How to connect Azure Data Factory / Synapse Pipelines to Google BigQuery without losing your sanity over connection tokens
- General
- November 23, 2022
Table of Contents
When I talk about knowing the struggles with the Cloud (as I did recently at PASS 2022), I really mean it, and this is one example of it. This is the case of importing data from Google BigQuery to Azure ADLS v2 (but it can be anywhere else really) using Azure Synapse Pipelines (which is really Azure Data Factory in a different workspace); easy enough, the ugly part is always the authorization part, and in this case having to deal with REST API or JavaScript like those database-hoarding developers.
The process is rather easy, but nobody seems to be able to explain it clearly in a single place without having you to call APIs manually or similar, so here we are.
Prerequisites:
- Your network guys have already dealt with the connectivity between the two cloud services
- Your google user, which you’re logged in to, has already all the access rights to the objects you need, and it can create credentials
Step 1: Create a credential
From the hamburger menu, select “API & Services” -> Credentials From this page, create a OAuth client ID:
Now, give it a decent name and be sure to include the following as redirect URI:
- https://developers.google.com/oauthplayground
- https://localhost:8080
Now, after creating it and waiting 5 minutes for it to actually work, you should see two fields in the OAuth client page “Client ID” and “Client secret”, which of course are essential for what we’re going to do next:
Step 2: Create a Token
Ok now the weird part. Go to https://developers.google.com/oauthplayground
Important: in the upper right corner, click the gear and check “Use your own OAuth credentials”

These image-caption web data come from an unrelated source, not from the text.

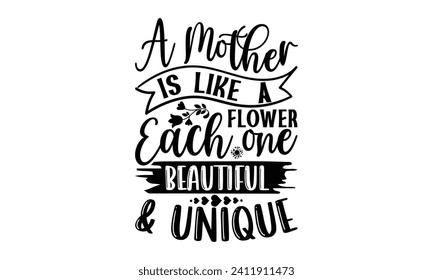 A Mother Is Like A Flower Each One Beautiful  Unique- Mother's Day t- shirt design, Hand drawn vintage illustration with hand-lettering and decoration elements, eps,Files for Cutting Isolated on whit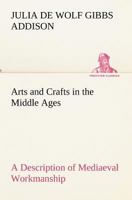 Arts and Crafts in the Middle Ages 101631017X Book Cover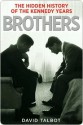 Brothers: The Hidden History of the Kennedy Years - David Talbot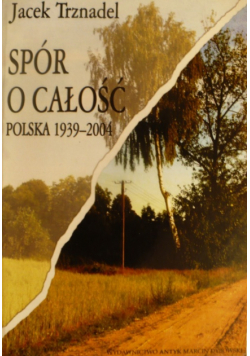 Spór o całość Polska 1939 - 2004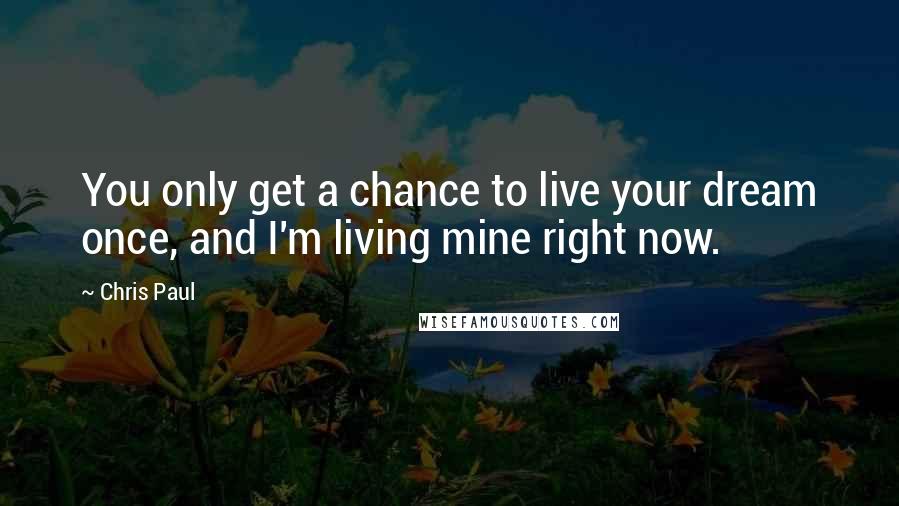 Chris Paul Quotes: You only get a chance to live your dream once, and I'm living mine right now.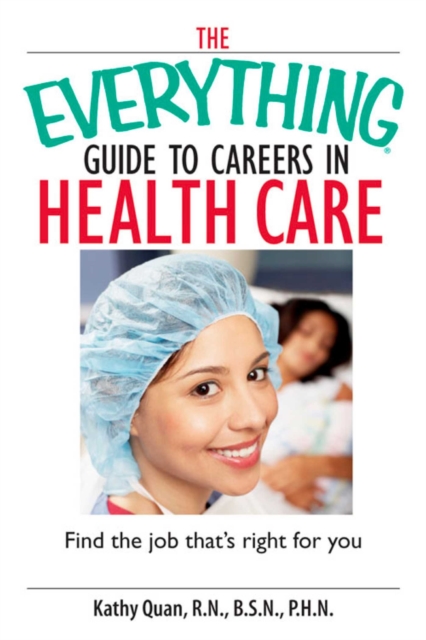 The Everything Guide To Careers In Health Care : Find the Job That's Right for You, EPUB eBook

Now, on the right, start with the Step 1 by selecting all the permissions you’re requiring, in this case we just need to read data from BigQuery, so the following should suffice:
Note: If BigQuery includes contents from Google Drive (e.g. Google Sheets), then you should also enable the Drive API https://www.googleapis.com/auth/drive.readonly
When pressing “Authorize API” you’ll be prompted to authorize the request, after doing so, you’ll advance to Step 2 automatically, at this point you just have to click on “Exchange authorization code for tokens”
The response to this is exactly what we need, specifically, we’re interested in the refresh token:
Step 3: Create Linked Service
Finally, we have all the elements needed to connect to BigQuery throught ADF/Synapse! Just create a new linked service, and you should be able to put all the pieces we’ve gathered until now into the correct field:
Of course, I (like Microsoft) recommend saving your Client Secret and Refresh Tokens in Azure Key Vault, as a safer way to manage your secure strings.
If you followed this thoroughly, you’ll get the satisfying “Connection Successful” green badge when testing the connection 😎
Now you can use this linked service to create Intergration Dataset and use it as a source, You’re welcome!